§ WHAT YOU NEED TO DO: Give back every record below in full and exactly, but without a single image.

§ MATERIAL SUPPLIED:
--------

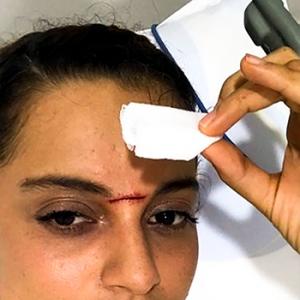 Kangana Ranaut gets injured on the sets of Manikarnika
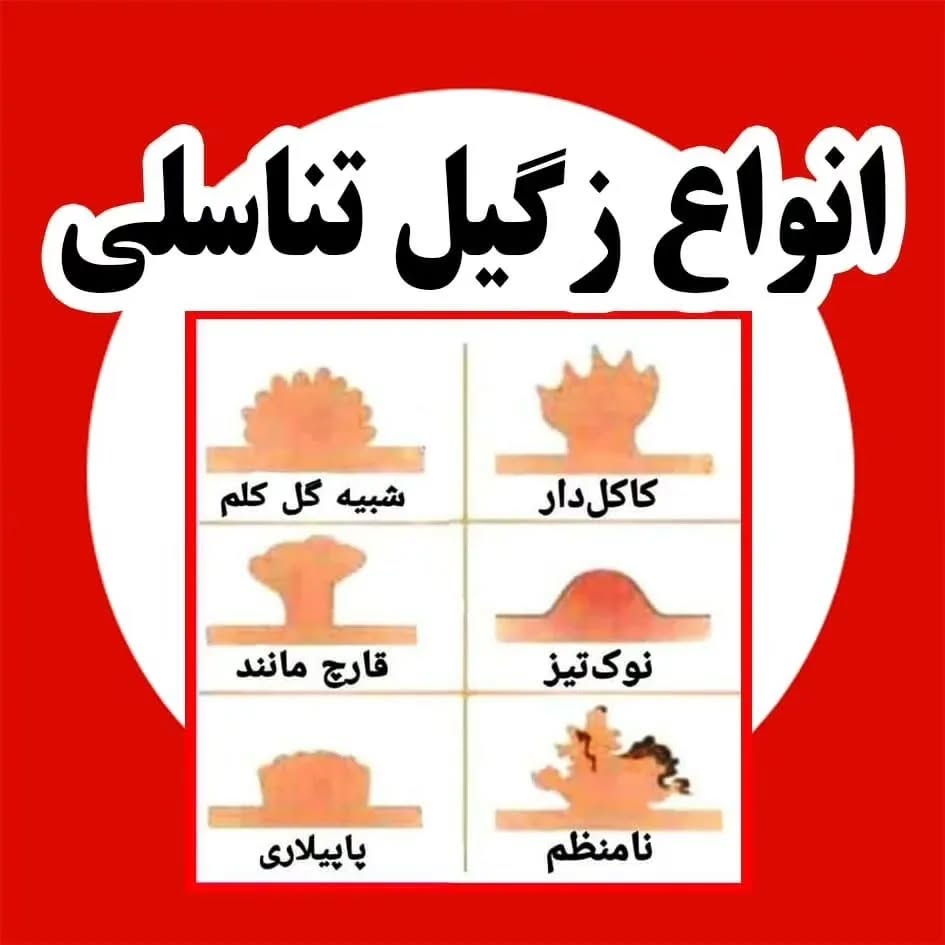 انواع زگیل‌های تناسلی 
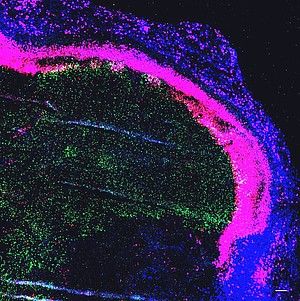 Bakterien helfen dem Immunsystem im Kampf gegen Krebs auf die Sprünge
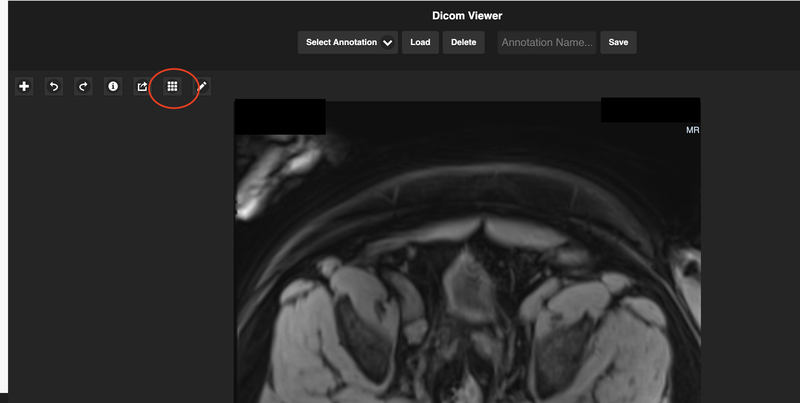Open DICOM Header Tags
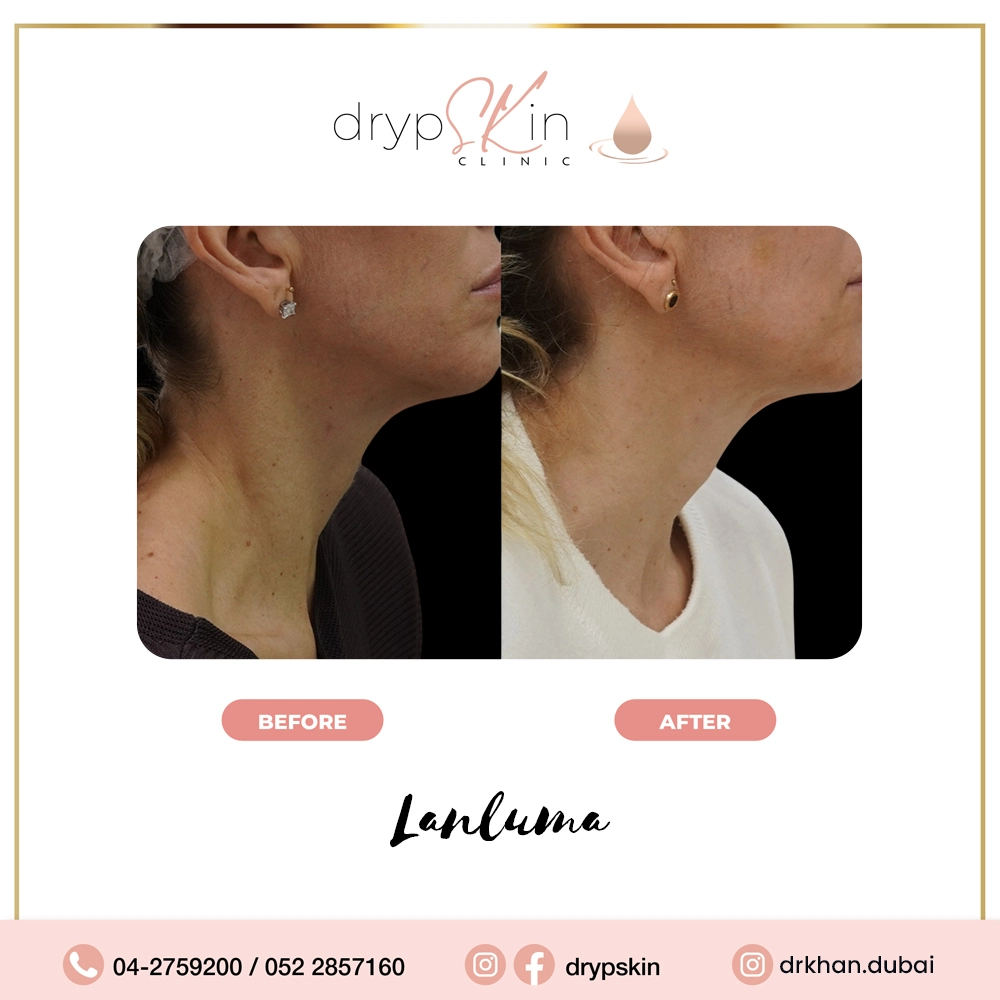 forehead-botox-dubai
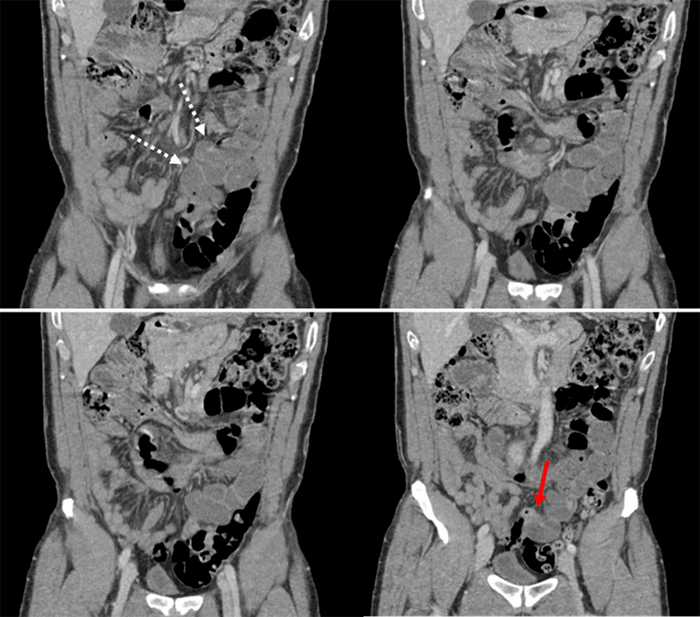 Adhesive Small Bowel Obstruction Secondary to Anisakiasis Nematode ...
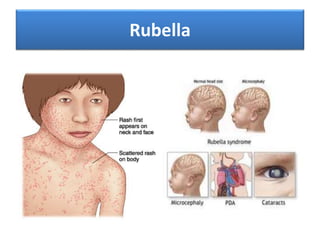 Infectious diseases in children | PPTX
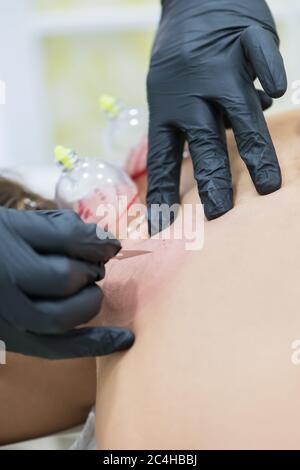 Hijama - le traitement de la saignée. Ventouse fixée. Processus de scarification. Banque D'Images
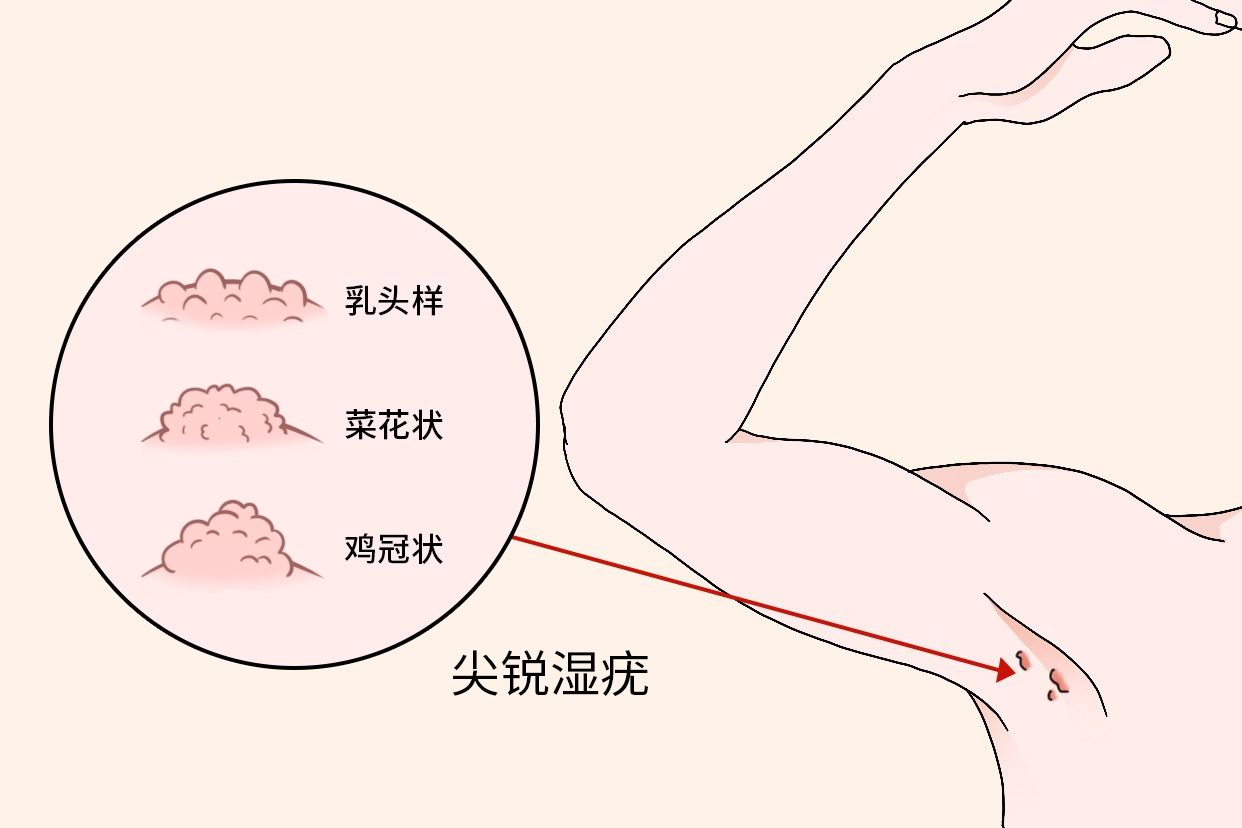 尖銳濕疣圖片，了解、識別與防治，尖銳濕疣圖片詳解，識別、防治全攻略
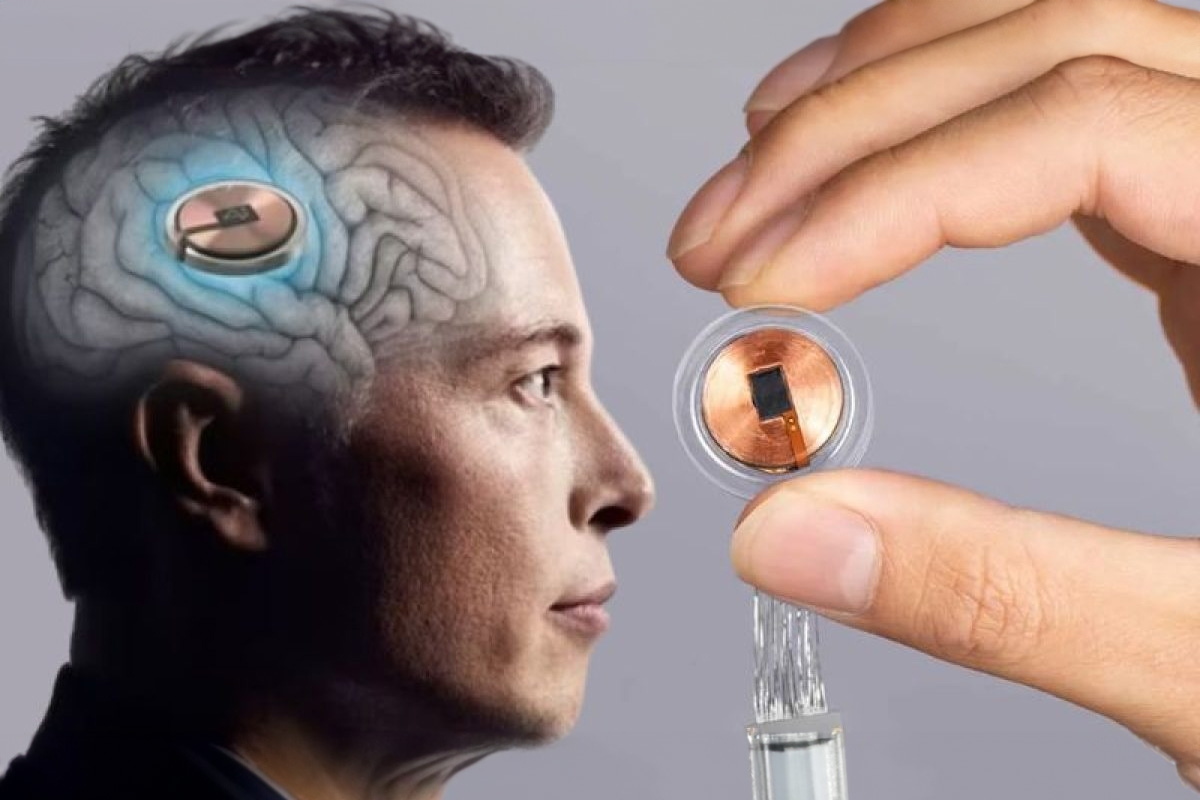 China va por el liderazgo de Musk en implantes cerebrales.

--------

§ REPLY TO THE TASK:
 Kangana Ranaut gets injured on the sets of Manikarnika
 انواع زگیل‌های تناسلی 
 Bakterien helfen dem Immunsystem im Kampf gegen Krebs auf die Sprünge
Open DICOM Header Tags
 forehead-botox-dubai
 Adhesive Small Bowel Obstruction Secondary to Anisakiasis Nematode ...
 Infectious diseases in children | PPTX
 Hijama - le traitement de la saignée. Ventouse fixée. Processus de scarification. Banque D'Images
 尖銳濕疣圖片，了解、識別與防治，尖銳濕疣圖片詳解，識別、防治全攻略
 China va por el liderazgo de Musk en implantes cerebrales.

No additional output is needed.